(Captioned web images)

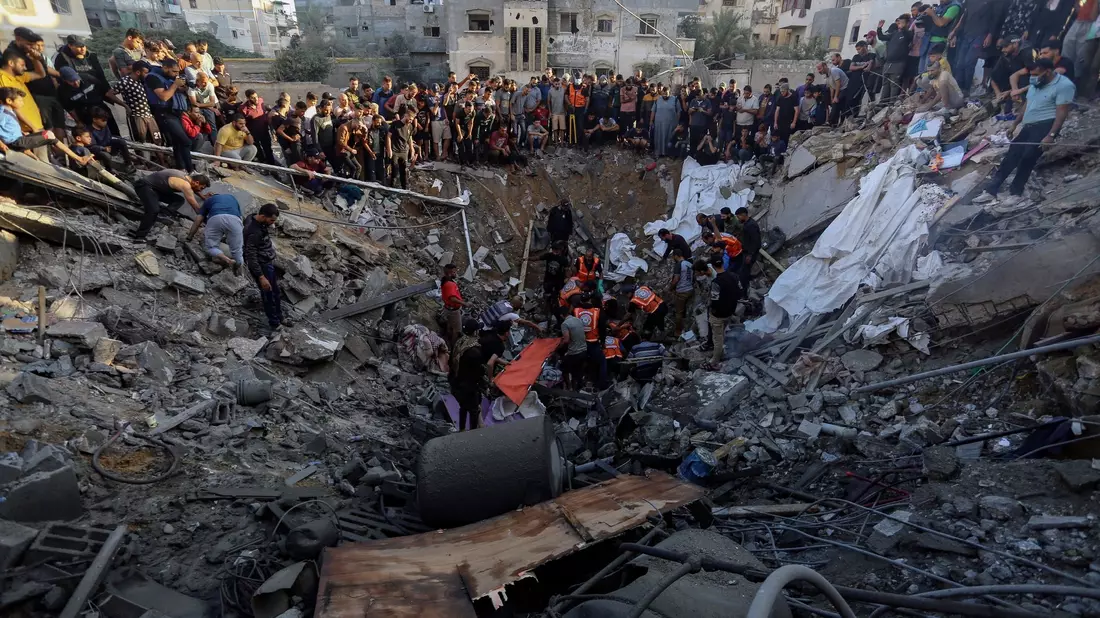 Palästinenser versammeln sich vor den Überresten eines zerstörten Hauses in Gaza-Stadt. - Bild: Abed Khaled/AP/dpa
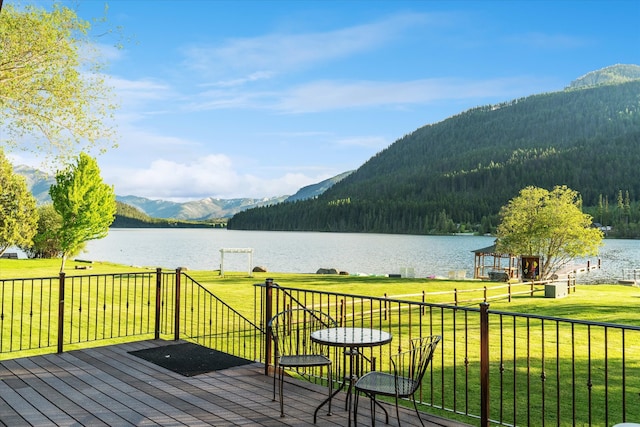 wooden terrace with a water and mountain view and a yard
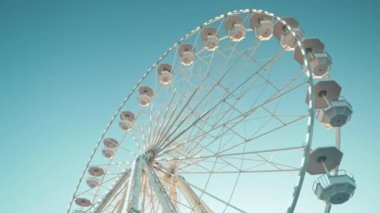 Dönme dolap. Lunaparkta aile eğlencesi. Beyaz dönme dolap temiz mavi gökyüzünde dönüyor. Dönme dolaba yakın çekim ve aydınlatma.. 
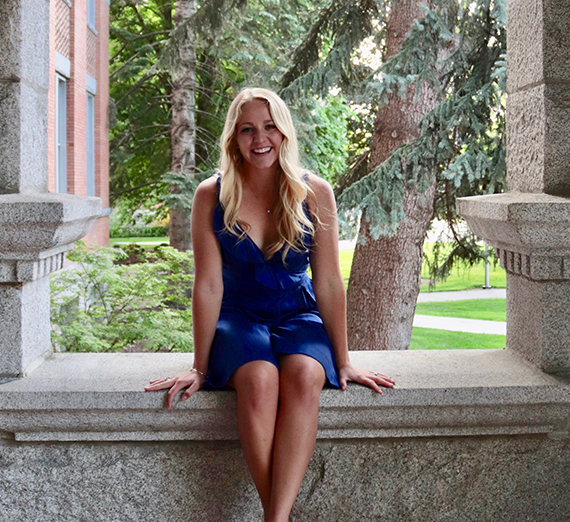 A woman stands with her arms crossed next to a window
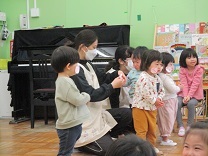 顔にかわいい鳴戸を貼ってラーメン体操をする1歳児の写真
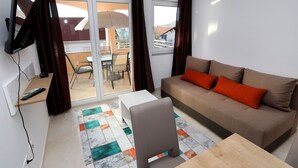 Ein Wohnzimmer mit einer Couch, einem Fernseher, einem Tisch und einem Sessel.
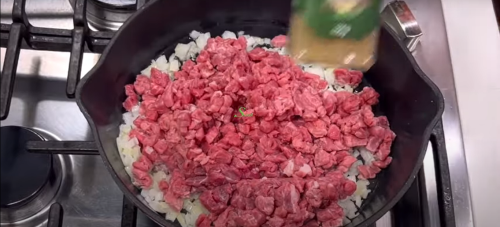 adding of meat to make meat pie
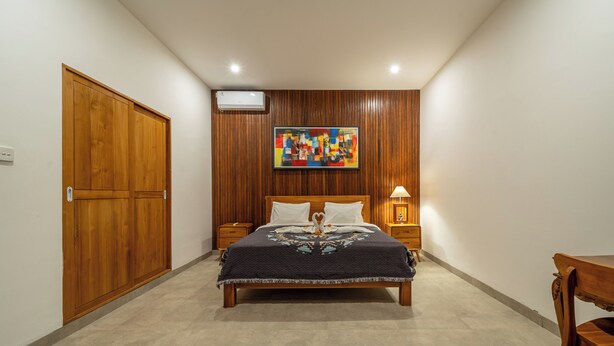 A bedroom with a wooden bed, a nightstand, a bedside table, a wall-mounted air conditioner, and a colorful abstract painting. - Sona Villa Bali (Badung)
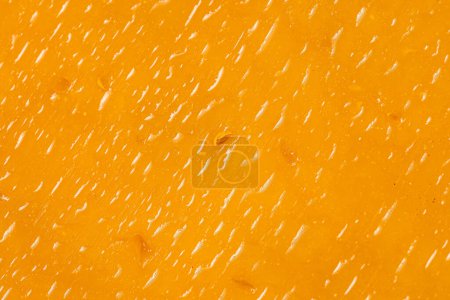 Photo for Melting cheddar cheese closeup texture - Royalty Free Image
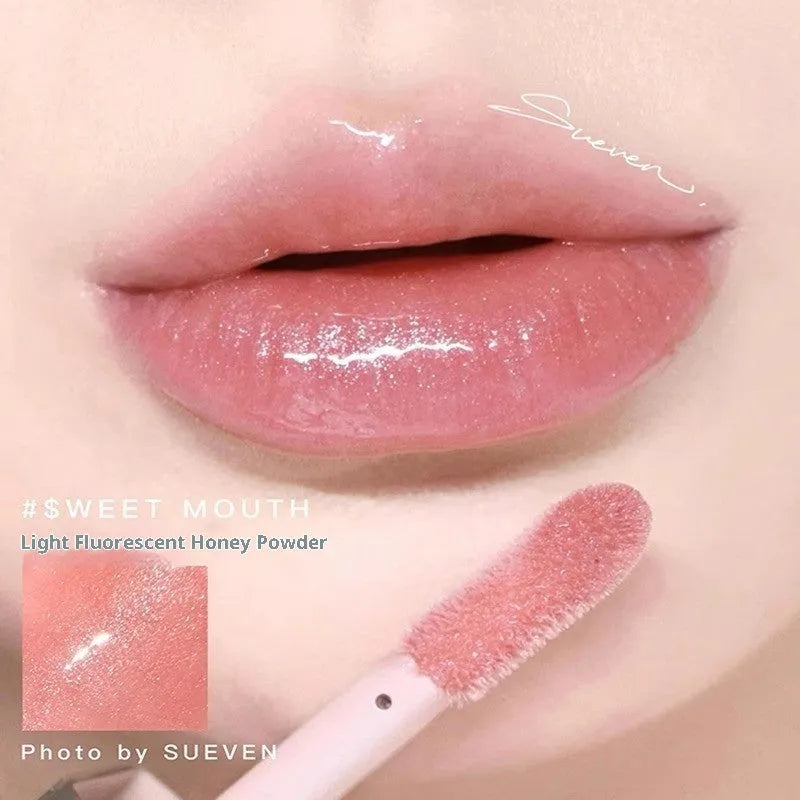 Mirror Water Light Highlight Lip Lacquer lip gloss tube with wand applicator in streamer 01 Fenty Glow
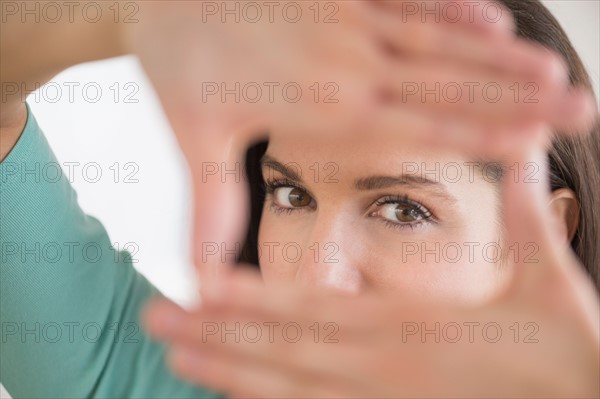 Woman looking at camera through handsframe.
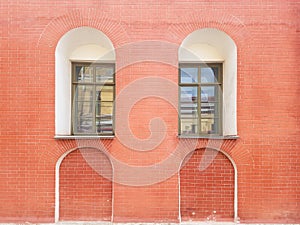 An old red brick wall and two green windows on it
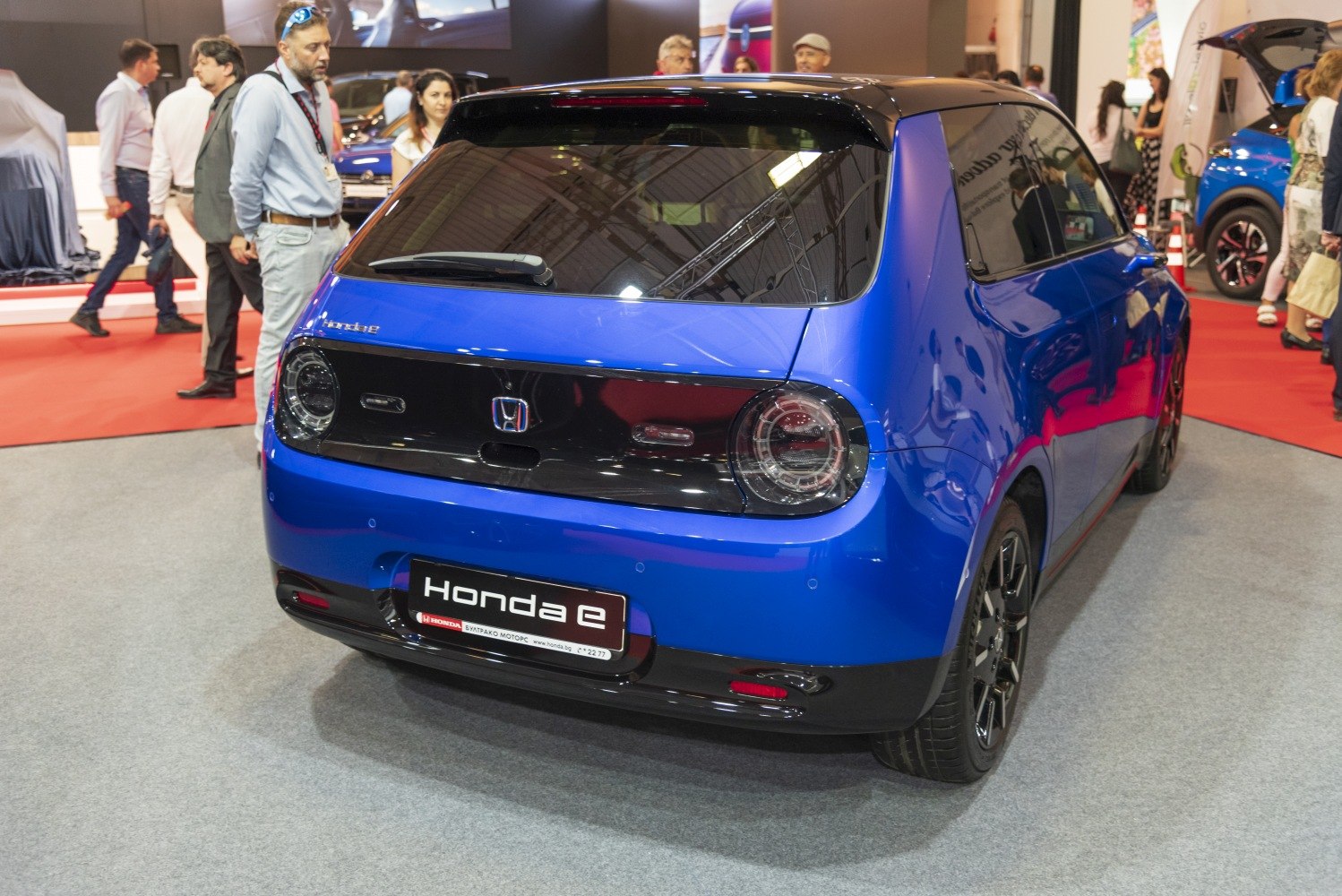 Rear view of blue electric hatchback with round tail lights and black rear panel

**TO DO:**
Set down the data exactly as it appears, without any images.

**WRITTEN ANSWER:**
 Palästinenser versammeln sich vor den Überresten eines zerstörten Hauses in Gaza-Stadt. - Bild: Abed Khaled/AP/dpa
 wooden terrace with a water and mountain view and a yard
 Dönme dolap. Lunaparkta aile eğlencesi. Beyaz dönme dolap temiz mavi gökyüzünde dönüyor. Dönme dolaba yakın çekim ve aydınlatma.. 
 A woman stands with her arms crossed next to a window
 顔にかわいい鳴戸を貼ってラーメン体操をする1歳児の写真
 Ein Wohnzimmer mit einer Couch, einem Fernseher, einem Tisch und einem Sessel.
 adding of meat to make meat pie
 A bedroom with a wooden bed, a nightstand, a bedside table, a wall-mounted air conditioner, and a colorful abstract painting. - Sona Villa Bali (Badung)
 Photo for Melting cheddar cheese closeup texture - Royalty Free Image
 Mirror Water Light Highlight Lip Lacquer lip gloss tube with wand applicator in streamer 01 Fenty Glow
 Woman looking at camera through handsframe.
 An old red brick wall and two green windows on it
 Rear view of blue electric hatchback with round tail lights and black rear panel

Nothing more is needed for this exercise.